Restate word for word the lines of the entries below, starting with the line that holds "orbitals, and so forth." and ending with the line that holds "Dark-themed flowchart showing", and no others.
((
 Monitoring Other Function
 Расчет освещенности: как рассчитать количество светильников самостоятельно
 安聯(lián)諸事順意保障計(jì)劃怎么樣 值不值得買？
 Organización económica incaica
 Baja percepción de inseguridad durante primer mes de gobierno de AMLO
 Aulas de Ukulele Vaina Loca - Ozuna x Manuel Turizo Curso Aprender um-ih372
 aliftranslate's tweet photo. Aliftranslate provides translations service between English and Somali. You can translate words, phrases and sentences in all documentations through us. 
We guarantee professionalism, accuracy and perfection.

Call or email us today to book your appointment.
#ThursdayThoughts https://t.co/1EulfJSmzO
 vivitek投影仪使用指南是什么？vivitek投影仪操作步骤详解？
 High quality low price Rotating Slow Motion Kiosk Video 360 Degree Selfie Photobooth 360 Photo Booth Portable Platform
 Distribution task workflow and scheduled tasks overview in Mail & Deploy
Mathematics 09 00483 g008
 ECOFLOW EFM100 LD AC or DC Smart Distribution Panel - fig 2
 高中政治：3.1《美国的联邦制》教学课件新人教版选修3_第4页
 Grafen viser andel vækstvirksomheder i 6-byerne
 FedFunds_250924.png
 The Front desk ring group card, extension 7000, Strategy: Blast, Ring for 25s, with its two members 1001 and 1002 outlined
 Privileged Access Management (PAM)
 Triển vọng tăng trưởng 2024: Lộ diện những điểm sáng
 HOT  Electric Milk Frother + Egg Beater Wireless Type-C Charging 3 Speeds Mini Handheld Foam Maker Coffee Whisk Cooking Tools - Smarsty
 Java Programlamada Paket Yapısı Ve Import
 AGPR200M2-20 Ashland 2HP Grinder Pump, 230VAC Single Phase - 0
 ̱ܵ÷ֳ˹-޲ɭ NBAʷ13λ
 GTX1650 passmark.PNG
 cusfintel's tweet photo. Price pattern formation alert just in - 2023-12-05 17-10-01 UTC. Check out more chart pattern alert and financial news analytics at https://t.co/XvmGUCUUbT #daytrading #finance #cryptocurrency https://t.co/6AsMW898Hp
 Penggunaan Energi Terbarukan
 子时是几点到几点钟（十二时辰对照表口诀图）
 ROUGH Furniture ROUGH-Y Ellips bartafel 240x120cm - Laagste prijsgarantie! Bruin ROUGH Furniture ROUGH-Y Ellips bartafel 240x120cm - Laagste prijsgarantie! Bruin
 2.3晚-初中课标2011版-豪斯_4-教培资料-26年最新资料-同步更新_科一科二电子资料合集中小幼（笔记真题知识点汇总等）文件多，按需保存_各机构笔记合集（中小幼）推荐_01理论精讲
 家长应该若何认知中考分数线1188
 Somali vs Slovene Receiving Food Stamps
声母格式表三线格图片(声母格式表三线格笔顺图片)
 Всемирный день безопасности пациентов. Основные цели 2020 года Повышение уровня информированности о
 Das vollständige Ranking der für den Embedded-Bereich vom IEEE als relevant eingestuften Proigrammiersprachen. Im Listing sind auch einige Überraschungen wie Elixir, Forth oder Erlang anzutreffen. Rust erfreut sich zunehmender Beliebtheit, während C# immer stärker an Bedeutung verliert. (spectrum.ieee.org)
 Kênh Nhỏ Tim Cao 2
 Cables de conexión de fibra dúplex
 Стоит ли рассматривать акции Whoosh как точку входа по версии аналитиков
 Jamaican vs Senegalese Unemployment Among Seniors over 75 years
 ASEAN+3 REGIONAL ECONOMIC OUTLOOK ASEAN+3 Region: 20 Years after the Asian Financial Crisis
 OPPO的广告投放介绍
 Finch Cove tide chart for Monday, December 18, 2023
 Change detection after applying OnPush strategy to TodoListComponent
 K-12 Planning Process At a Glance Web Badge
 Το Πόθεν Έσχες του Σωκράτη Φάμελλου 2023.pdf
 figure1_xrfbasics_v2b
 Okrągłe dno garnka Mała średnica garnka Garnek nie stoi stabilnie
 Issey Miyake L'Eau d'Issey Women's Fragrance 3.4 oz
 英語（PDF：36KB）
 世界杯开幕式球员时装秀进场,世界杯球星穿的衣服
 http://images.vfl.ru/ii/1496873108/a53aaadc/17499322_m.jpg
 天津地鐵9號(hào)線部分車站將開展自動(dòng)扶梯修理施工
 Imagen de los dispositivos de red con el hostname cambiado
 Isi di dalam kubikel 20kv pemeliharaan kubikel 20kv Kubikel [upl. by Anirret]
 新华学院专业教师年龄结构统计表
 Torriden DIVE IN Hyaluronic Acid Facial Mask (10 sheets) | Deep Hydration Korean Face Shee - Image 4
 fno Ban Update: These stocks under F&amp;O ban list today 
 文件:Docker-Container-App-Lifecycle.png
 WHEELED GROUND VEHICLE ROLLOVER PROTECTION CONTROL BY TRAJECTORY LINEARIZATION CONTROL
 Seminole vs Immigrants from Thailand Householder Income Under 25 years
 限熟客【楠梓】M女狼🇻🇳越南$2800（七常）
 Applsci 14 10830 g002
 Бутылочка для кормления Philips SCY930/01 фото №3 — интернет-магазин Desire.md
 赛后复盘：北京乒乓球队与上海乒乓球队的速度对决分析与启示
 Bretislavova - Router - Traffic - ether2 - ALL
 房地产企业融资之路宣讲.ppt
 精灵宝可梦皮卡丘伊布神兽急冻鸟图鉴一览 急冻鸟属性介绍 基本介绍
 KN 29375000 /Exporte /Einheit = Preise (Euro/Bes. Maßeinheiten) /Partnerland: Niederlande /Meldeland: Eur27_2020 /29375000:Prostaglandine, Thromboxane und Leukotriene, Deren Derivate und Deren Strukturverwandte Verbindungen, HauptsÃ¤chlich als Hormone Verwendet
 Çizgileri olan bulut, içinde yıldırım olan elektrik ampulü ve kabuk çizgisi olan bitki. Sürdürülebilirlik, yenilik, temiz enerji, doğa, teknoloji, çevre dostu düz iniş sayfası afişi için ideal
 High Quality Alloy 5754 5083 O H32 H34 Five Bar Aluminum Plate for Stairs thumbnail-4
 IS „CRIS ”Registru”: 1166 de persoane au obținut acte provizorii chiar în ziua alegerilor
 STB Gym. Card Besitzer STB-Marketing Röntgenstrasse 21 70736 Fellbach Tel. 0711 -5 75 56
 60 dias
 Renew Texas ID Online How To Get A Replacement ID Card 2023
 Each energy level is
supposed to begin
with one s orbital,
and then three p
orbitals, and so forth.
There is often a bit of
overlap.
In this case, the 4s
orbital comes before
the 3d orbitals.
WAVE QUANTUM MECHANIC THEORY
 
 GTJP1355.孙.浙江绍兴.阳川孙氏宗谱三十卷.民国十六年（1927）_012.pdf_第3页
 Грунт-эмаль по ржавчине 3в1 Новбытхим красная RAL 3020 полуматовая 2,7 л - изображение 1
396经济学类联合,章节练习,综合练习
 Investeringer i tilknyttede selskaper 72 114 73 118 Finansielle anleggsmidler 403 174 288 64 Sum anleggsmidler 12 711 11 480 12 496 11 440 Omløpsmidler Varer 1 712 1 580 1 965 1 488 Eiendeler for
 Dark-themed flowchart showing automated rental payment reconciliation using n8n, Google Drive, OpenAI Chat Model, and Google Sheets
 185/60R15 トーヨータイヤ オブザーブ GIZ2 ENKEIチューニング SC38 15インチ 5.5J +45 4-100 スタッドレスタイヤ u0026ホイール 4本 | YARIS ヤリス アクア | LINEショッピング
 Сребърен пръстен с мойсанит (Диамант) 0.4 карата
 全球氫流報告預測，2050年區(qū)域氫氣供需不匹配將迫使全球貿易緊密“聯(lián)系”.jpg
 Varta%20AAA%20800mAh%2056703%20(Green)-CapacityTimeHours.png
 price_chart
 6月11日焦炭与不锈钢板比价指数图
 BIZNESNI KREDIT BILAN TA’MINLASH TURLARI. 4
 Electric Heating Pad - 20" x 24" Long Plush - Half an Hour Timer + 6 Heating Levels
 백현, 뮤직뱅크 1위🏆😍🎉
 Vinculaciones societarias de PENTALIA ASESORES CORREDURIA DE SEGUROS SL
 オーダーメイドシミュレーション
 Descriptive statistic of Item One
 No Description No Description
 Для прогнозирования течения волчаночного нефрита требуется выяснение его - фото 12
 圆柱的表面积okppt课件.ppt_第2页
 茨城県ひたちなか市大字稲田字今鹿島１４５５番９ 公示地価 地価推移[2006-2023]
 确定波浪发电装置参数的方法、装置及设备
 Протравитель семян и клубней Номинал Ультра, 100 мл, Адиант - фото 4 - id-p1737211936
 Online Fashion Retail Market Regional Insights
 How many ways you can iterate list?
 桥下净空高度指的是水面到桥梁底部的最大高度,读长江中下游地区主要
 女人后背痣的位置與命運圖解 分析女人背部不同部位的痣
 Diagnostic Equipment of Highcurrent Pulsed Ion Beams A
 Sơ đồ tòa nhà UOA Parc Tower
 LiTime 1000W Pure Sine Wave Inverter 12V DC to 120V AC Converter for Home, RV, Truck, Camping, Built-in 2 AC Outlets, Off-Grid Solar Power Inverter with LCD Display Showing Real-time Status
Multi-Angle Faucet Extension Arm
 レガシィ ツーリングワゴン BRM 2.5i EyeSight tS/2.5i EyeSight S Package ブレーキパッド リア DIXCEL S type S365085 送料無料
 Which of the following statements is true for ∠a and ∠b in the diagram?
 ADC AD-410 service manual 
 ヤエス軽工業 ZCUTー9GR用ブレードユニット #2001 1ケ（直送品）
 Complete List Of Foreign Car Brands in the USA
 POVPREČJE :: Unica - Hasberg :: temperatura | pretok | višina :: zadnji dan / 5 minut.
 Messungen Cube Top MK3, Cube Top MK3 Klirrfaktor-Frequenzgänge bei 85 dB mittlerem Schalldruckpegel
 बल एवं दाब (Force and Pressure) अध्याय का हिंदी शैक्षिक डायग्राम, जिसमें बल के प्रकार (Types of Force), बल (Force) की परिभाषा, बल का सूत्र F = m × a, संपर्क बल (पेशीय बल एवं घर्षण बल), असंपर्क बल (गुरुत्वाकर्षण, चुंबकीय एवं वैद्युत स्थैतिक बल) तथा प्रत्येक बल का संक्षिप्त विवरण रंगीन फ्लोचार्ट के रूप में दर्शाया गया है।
))
* [Answer for this exercise]:
orbitals, and so forth.
There is often a bit of
overlap.
In this case, the 4s
orbital comes before
the 3d orbitals.
WAVE QUANTUM MECHANIC THEORY
 
 GTJP1355.孙.浙江绍兴.阳川孙氏宗谱三十卷.民国十六年（1927）_012.pdf_第3页
 Грунт-эмаль по ржавчине 3в1 Новбытхим красная RAL 3020 полуматовая 2,7 л - изображение 1
396经济学类联合,章节练习,综合练习
 Investeringer i tilknyttede selskaper 72 114 73 118 Finansielle anleggsmidler 403 174 288 64 Sum anleggsmidler 12 711 11 480 12 496 11 440 Omløpsmidler Varer 1 712 1 580 1 965 1 488 Eiendeler for
 Dark-themed flowchart showing automated rental payment reconciliation using n8n, Google Drive, OpenAI Chat Model, and Google Sheets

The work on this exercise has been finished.